The motif of a survivor female figure in a desolate landscape lighting a hearth recurs in the fourth panel of the expansive work | Chemould Prescott Road | STIRworld
Panel 4, Nilima Sheikh, ‘Beyond Loss’, 2019 Image: Courtesy of Chemould Prescott Road and the artist

Zylinska proposes relationality as a more compelling model of subjectivity. “Instead of positing a human subject that is separate from the world he (sic) inhabits and in which he can make interventions, it acknowledges the prior existence of relations between clusters of matter and energy that temporarily stabilize for us humans into entities—on a molecular, cellular, and social level,” she says. I understand this as a more metabolic paradigm wherein the human is not at the centre of but is a part of an ecology. The perception of privileged sentience entails ethical responsibilities rather than rendering the human exceptional.

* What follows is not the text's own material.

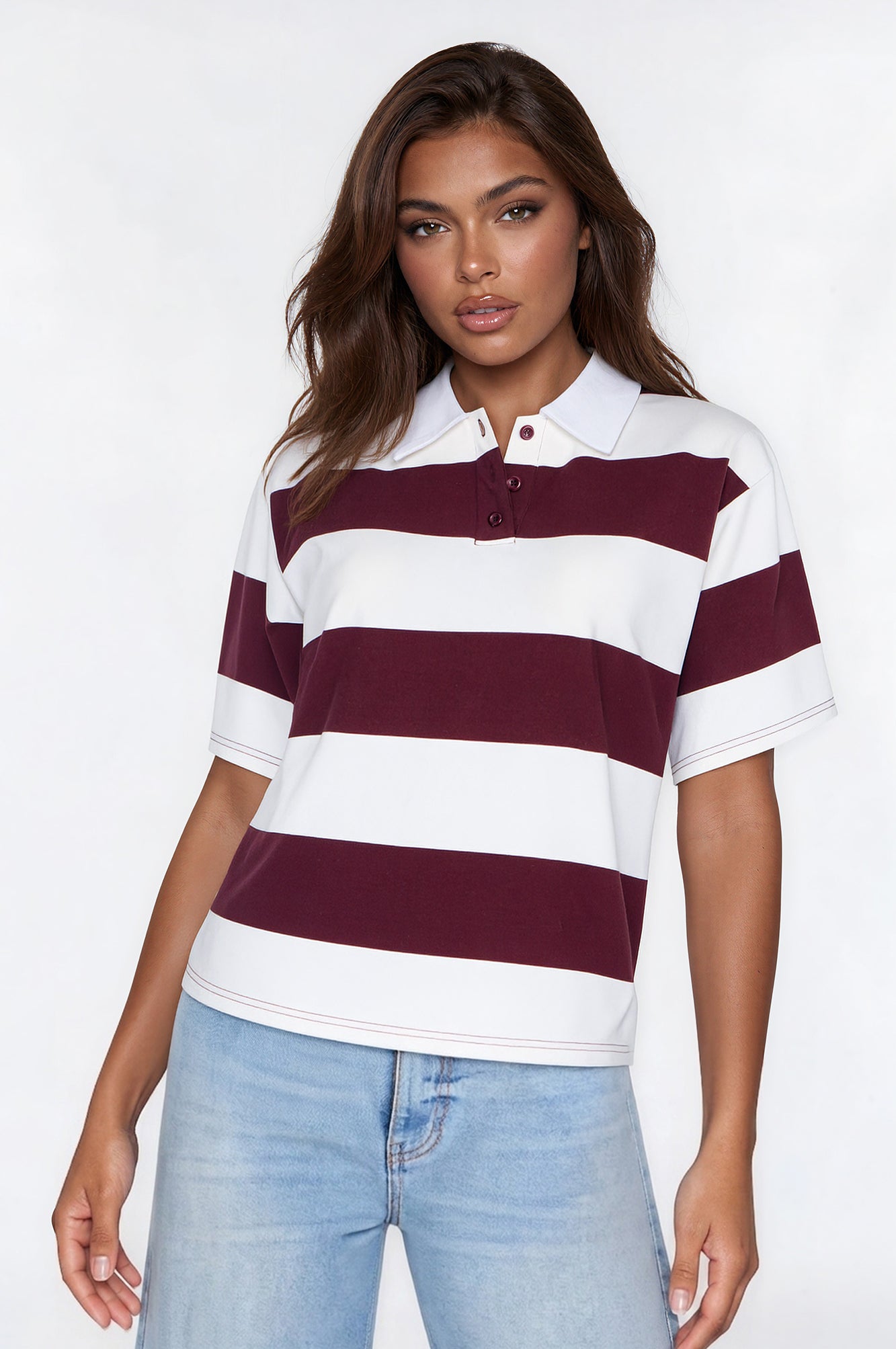 Avery Striped Short Sleeve Polo Top - Cream/combo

The solitary figure preparing a meal serves as a reminder of the transformative resilience of women in the face of trauma | Chemould Prescott Road| STIRworld
In the detail from Panel 4, Nilima Sheikh, ‘Beyond Loss’, 2019, the female figure returns as the keeper of the flame Image: Courtesy of Chemould Prescott Road and the artist

As I wade through the recent slew of images and articles about the discovery of tens of thousands of paintings of animals and humans created on cliff faces stretching almost eight miles up to 12,500 years ago in present day Colombia, I wonder if it could be processed as a portal into a relationality that perhaps once was or could be. It is amazing how they are being dated based on their depictions of now-extinct ice age animals. I am trying to synthesise this discovery about our ancient human past with feminist premonitions about the counter-apocalypse in an effort to excavate hope for the present and the future. At the heart of my reflections lies a question about what endures, and the visionary role of artistic legacy. I wonder if the female figure in front of the hearth is both cooking and making art; feeding the counter-apocalypse.

What do you think?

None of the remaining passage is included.